Yep, I've been using those for comparison for a while. (I got that VCS palette immage from the video game color palettes wiki page -all the palette lists use that stock immage) Displays show the entire palette applied at original resolution to the immage and examples of optimized displays the hardware was capable of. (non-dithered in both cases) Here's the one for 8-bit computers, though the A8 isn't listed. http://en.wikipedia.org/wiki/List_of_8-bit_computer_hardware_palettes Sometimes I wonder about some articles on Wiki-- if they are biased views of someone or just lack of research. That article should be modified or removed-- shows bias toward certain platforms and other problems. I didn't think the pictures would be more biased or not - I only posted it because they show the pallette well and compare directly - unlike the standard colour grid pictures. They weren't meant to be an indication of actual pictures on the A8 and ST.

If you switch the frequency to 71Hz for a long time it might cause damage. However none of the border removal routines switch actually cause the hsync frequency to change. They just catch the internal state machine at the point where it asserts or deasserts the display enable. To actually change hsync you'd have to catch the state machine at the point it asserts hsync ( or leave it switched all the time ) Also if you look at Griff's routine, it only plays around with the borders for 7 lines in the top border - so the rest of the screen is completely untouched.

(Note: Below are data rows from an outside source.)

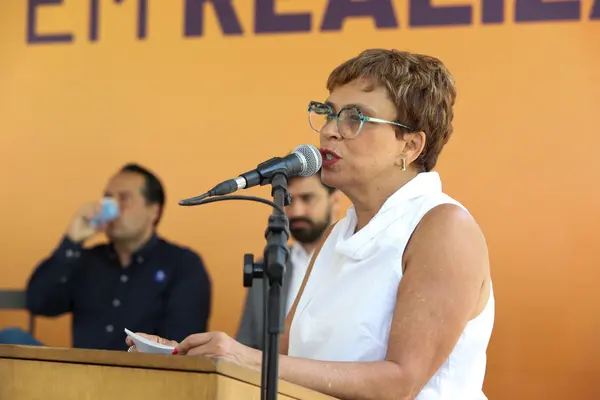 Governo de Minas entrega 80 apartamentos para famílias que moravam em áreas de inundação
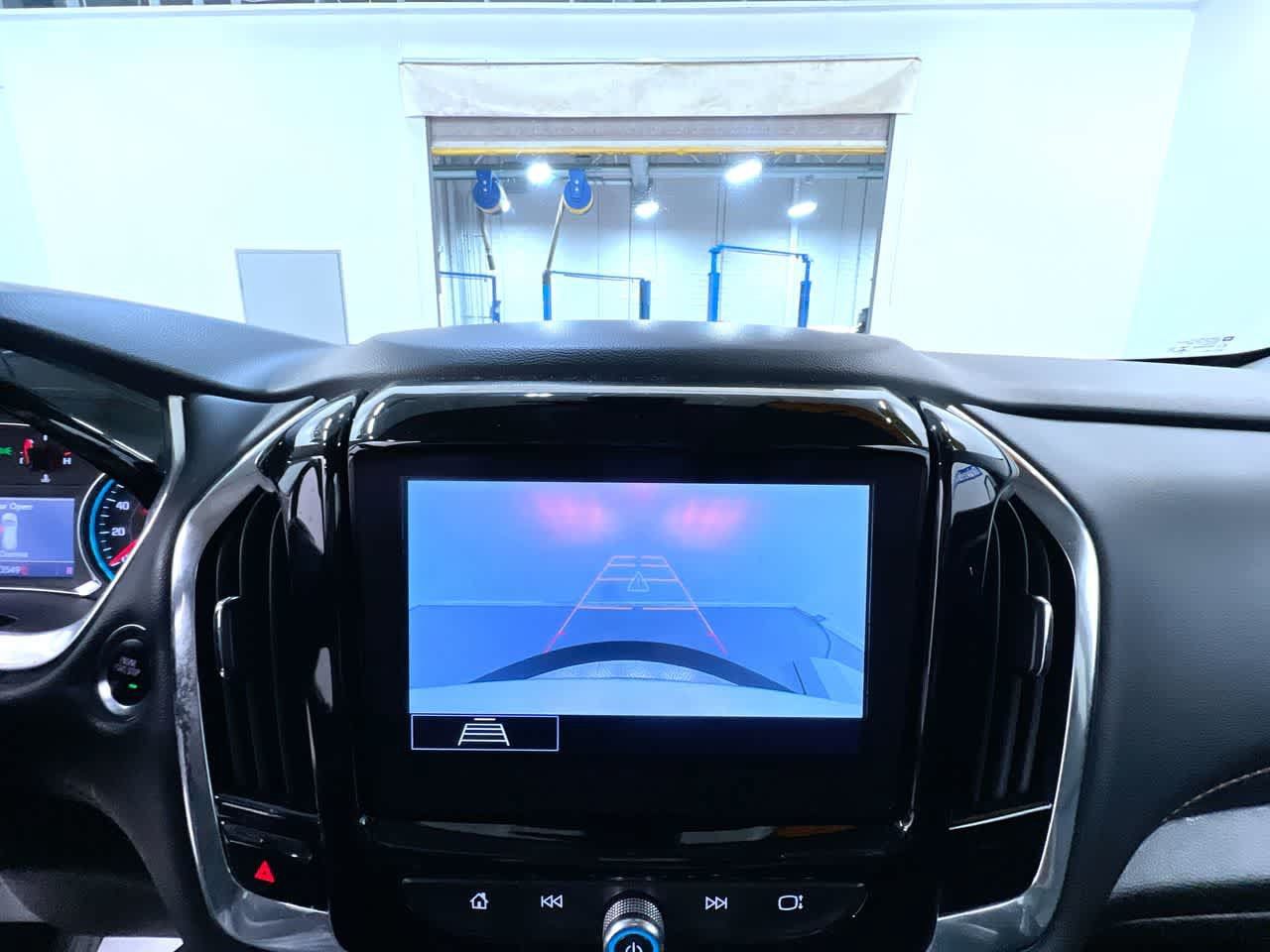 Used 2021 Chevrolet Traverse LT w/ LPO, Cargo Package AWD/4WD image 28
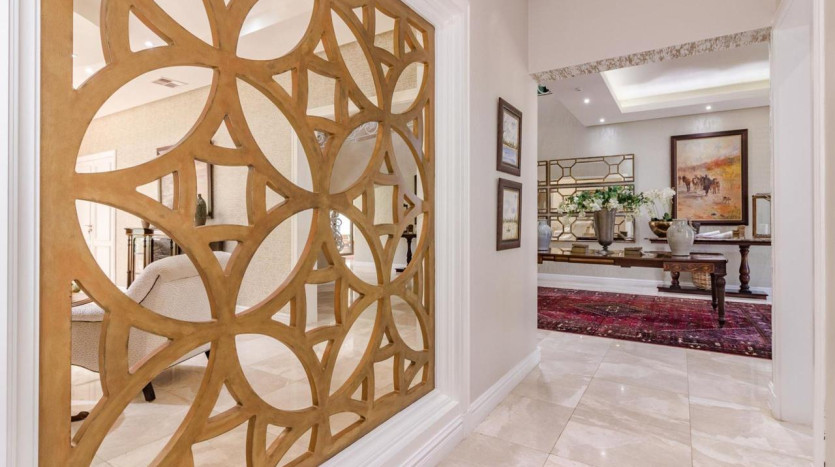 Opulent Executive Mansion Property Images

The warning is the same kind of thing I see on any article ( ie - plugging other devices into joystick ports could damage the A8 , but it doesn't in most cases ) I think on the ST forum there's actually a much more detailed analysis of the ST timings ( by Ijor I think ) where he explains why there are differences between the various models.

It'snot a real a8 picture - but a picture using all 128 colours from the pallette

I think the Bally Astrocade was the only other machine with a big pallette ( 256 colours ) around that time.

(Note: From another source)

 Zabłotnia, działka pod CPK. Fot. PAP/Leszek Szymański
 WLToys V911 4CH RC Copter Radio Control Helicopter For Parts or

Wikipedia has a really interesting pallette comparision here Atari ST: Atari VCS/8 bit (edit) Actually, that's not really fair, as the ST image is quantised to 16 colours. This one is representative of the 9 bit pallette:

... I found this as an example for the standard ST ( not STe ) - in my eyes it looks pretty good That looks pretty good. Same Nrsima (half man/half lion) image I used in my A8 demo posted earlier in the thread. This looks like more than 16 colors though... Yes, it's a photochrome image - ( Around 400-500 colours on the ST ) , I posted it as I thought it would be a valid comparision. The zip file has the ST disk image with the picture and viewer.

I looked at all of the levels, and I'm pretty certain that there's always more than 50% 'blank' chars - and as I said in most levels the animating chars are a lot less. So 50% is a good number. For DLI I'd just use a timerB IRQ on the ST - I've used it for colour graduations before, and the cost should be pretty similar to the A8 interupt as it's only going to change a single pallette entry.

Also, for MrRobot - painting the screen could run quite quickly, even with a 8x8 charset. Something like this per character: move.w (a4)+,a3 [8] beq.s skip [8] or [12 if skip taken] add.l a5,a3 [8] movem.w (a3),d0-d7 [12+4*8] movep.w d0,0(a6) movep.w d1,160(a6) ... movep.w d7,1120(a6) [16*8] skip: It's a total of 196 cycles/char on a grid of 40x20 ( as used by MrRobot ) thats 156800 cycles, which is too slow for 60Hz. However most of the Mr Robot screens have massive amounts of blank space - so in practice less than 50% of the characters will need to be painted. The cost of skipping 50% is just 20*40*(8+12)/2 = 8000 cycles, and the painting then costs 78400 - so the total is way less than a frame. And really, only the characters that actually animate will nead to be repainted, and in practise less than 20% of the characters would qualify in any one level, which is a further saving.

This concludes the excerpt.